[Saved entries]
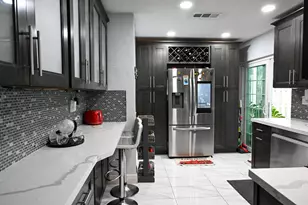 8610 NW 27th Pl, Sunrise, FL 33322 - Photo 5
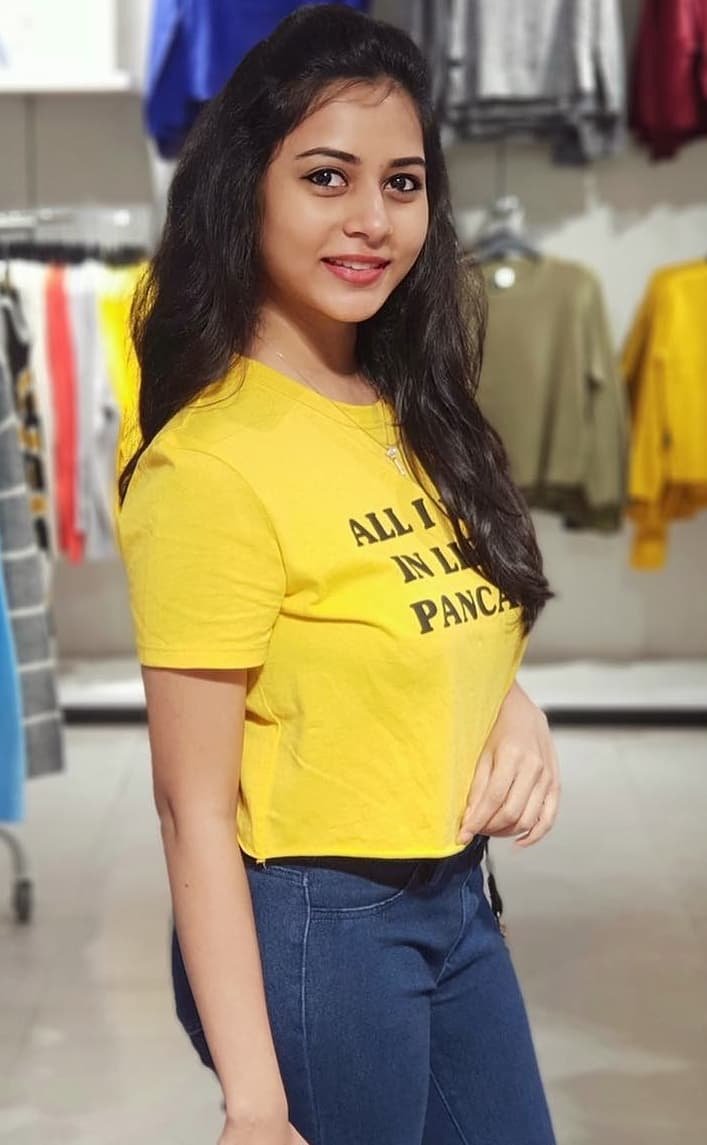 Suza Kumar Glamorous Pictures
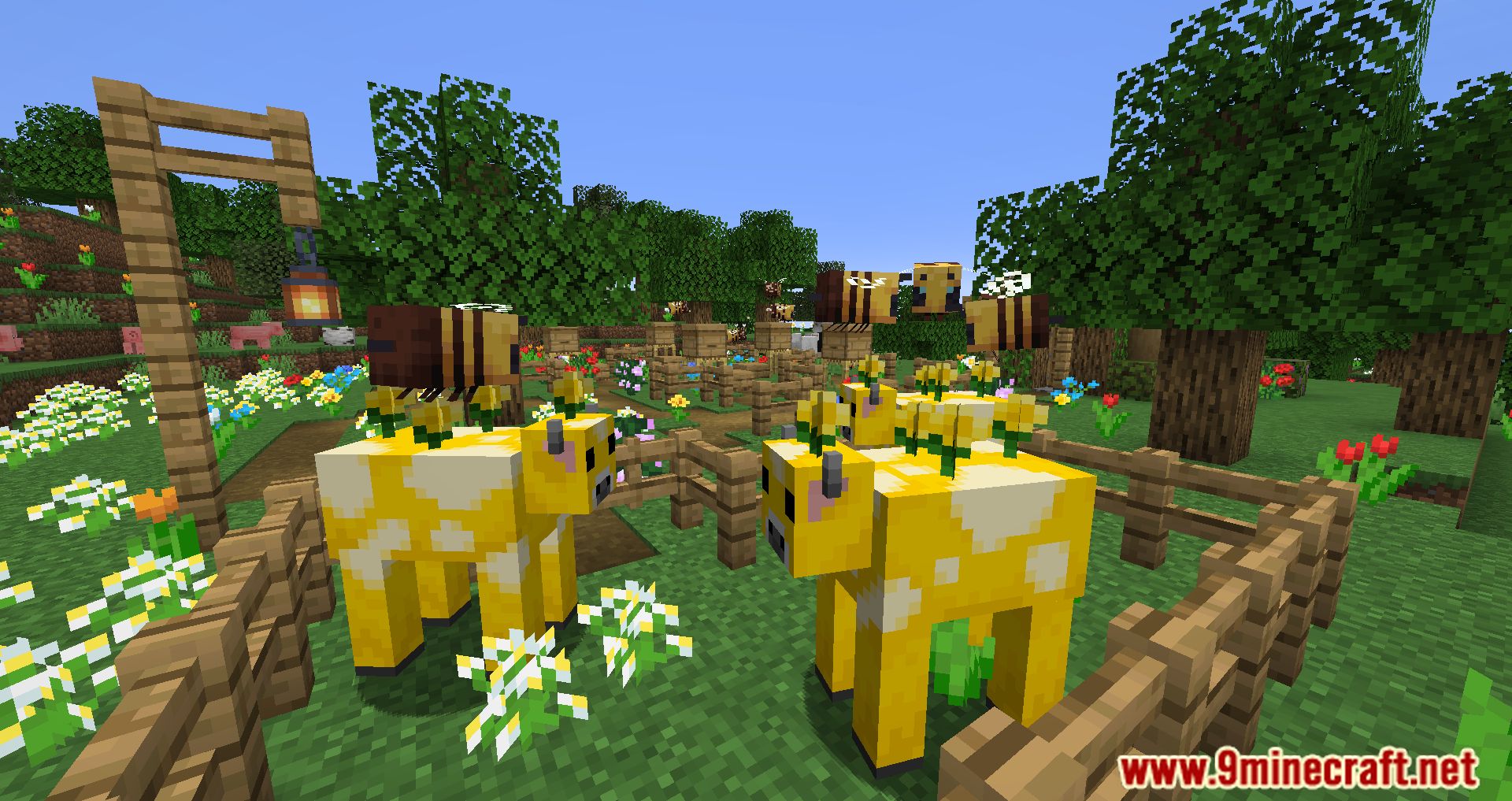 description_8 Beekeeper Hut Mod (1.20.4) - дополнение для Friends & Foes Mod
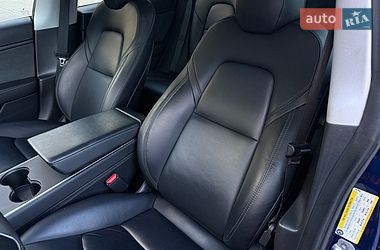 Седан Tesla Model 3 2019 в Стрию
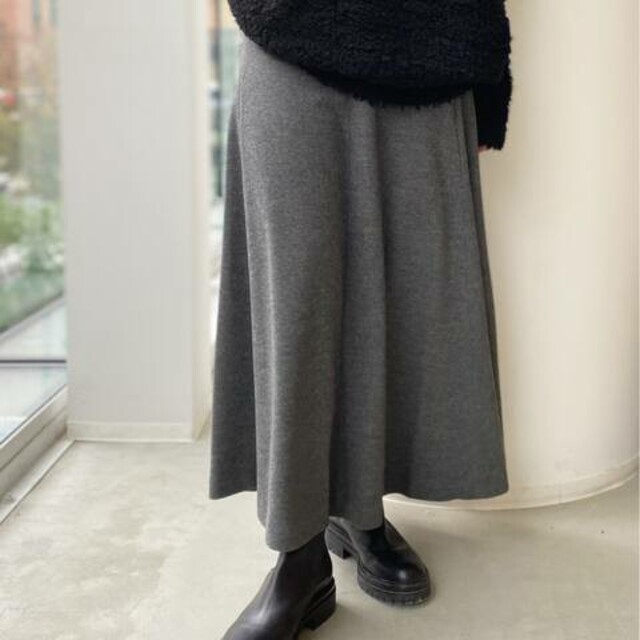 L'Appartement DEUXIEME CLASSE(アパルトモンドゥーズィエムクラス)のhiyo様専用アパルトモン Wool Asymmetry Skirt レディースのスカート(ロングスカート)の商品写真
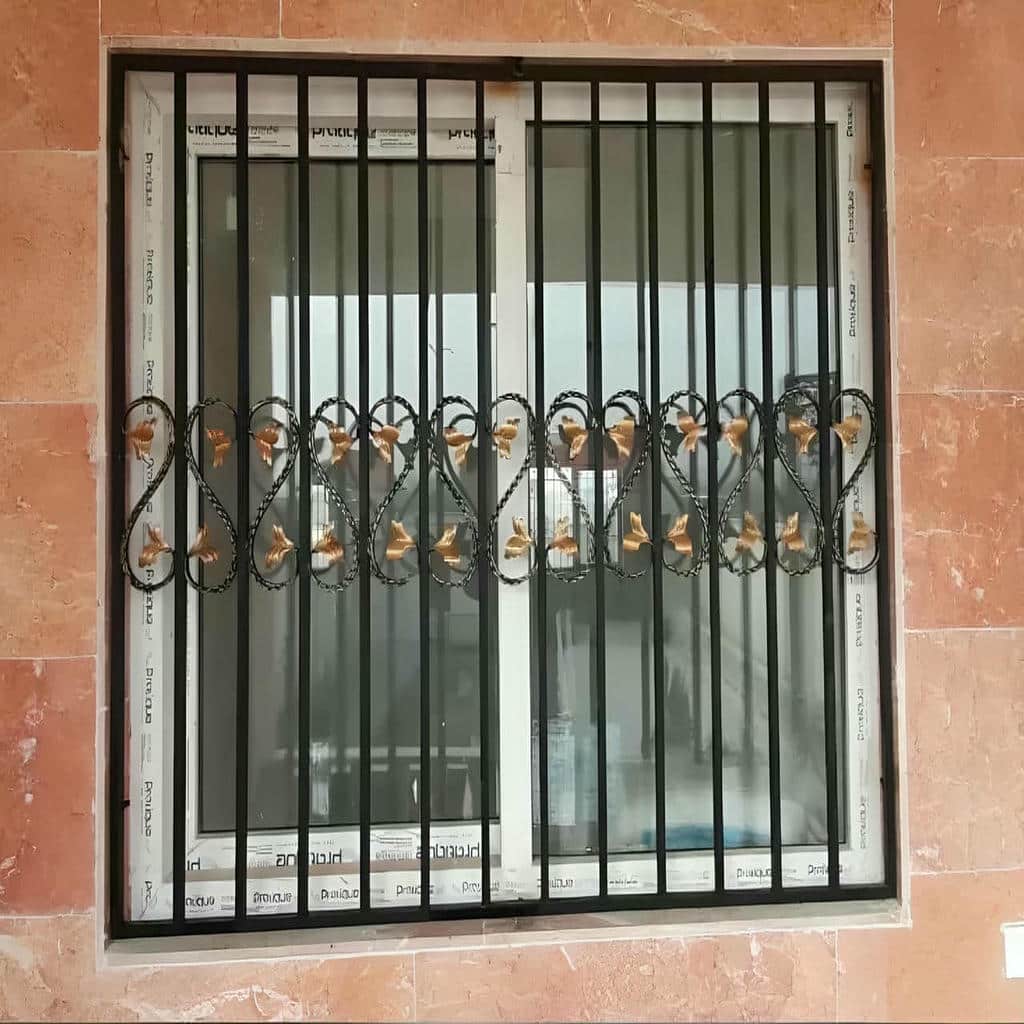 حفاظ پنجره ثابت یا بازشو برای امنیت و کاربری بهتر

--- What the task asks ---
Pictures stay out. Return exactly the lines from the one with "Suza Kumar Glamorous Pictures" through the last line of the data.

--- Output for this task ---
 Suza Kumar Glamorous Pictures
 description_8 Beekeeper Hut Mod (1.20.4) - дополнение для Friends & Foes Mod
 Седан Tesla Model 3 2019 в Стрию
 L'Appartement DEUXIEME CLASSE(アパルトモンドゥーズィエムクラス)のhiyo様専用アパルトモン Wool Asymmetry Skirt レディースのスカート(ロングスカート)の商品写真
 حفاظ پنجره ثابت یا بازشو برای امنیت و کاربری بهتر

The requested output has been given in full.